PRETORIA, South Africa — “Bang . . . bang, bang, bang.”
The murder trial of Oscar Pistorius, 27, opened Monday with testimony from a neighbor who described the sound of what she said were four gunshots and recalled the “blood-curdling screams” of a woman who prosecutors say was the girlfriend killed by the onetime star athlete in his home.
“It’s the most helpless feeling I’ve ever had in my life,” university lecturer Michelle Burger said of listening to the screams. “I knew something terrible was happening in that house.”
Pistorius, a double-amputee runner whose stature peaked at the 2012 London Olympics and plummeted when he shot model and television personality Reeva Steenkamp in the pre-dawn hours of Valentine’s Day last year, stood in the dock in a dark-gray suit and black tie, writing on a pad of paper and sometimes passing notes to his attorneys.
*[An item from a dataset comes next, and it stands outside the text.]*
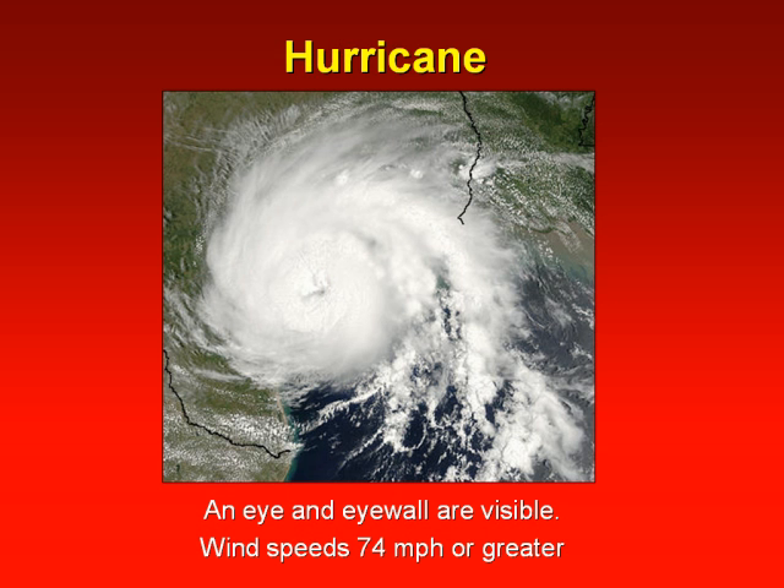When wind speeds increase to 74 miles per hour or greater, the system becomes a hurricane. Major hurricanes produce winds sustained at 155 miles per hour and can have gusts as high as 200 miles per hour.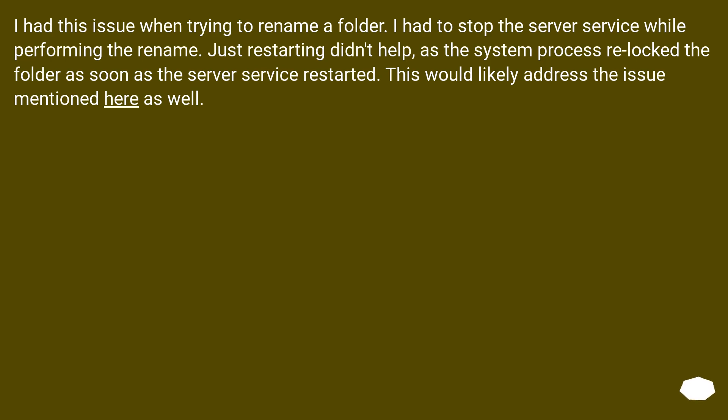I had this issue when trying to rename a folder. I had to stop the Server service while performing the rename. Just restarting didn't help, as the system process relocked the folder as soon as the Server service restarted. This would likely address the issue mentioned here as well.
At one point, he smiled at a person sitting behind him. Steenkamp’s mother, June, sat near Pistorius, but there was no communication between them.
The proceedings were broadcast on television, though Burger was not shown at her own request, and millions of people around the world followed a trial where the heady mix of a celebrity defendant and shocking allegations has drawn comparisons to the O.J. Simpson case two decades ago.
Prosecutors allege that Pistorius, who has been free on bail, shot Steenkamp after an argument. He has said he killed her after mistaking her for a nighttime intruder in his home, shooting her through the closed door of the toilet cubicle in his bathroom. Steenkamp, 29, was hit three times — in the head, elbow and hip area; a fourth bullet did not hit her.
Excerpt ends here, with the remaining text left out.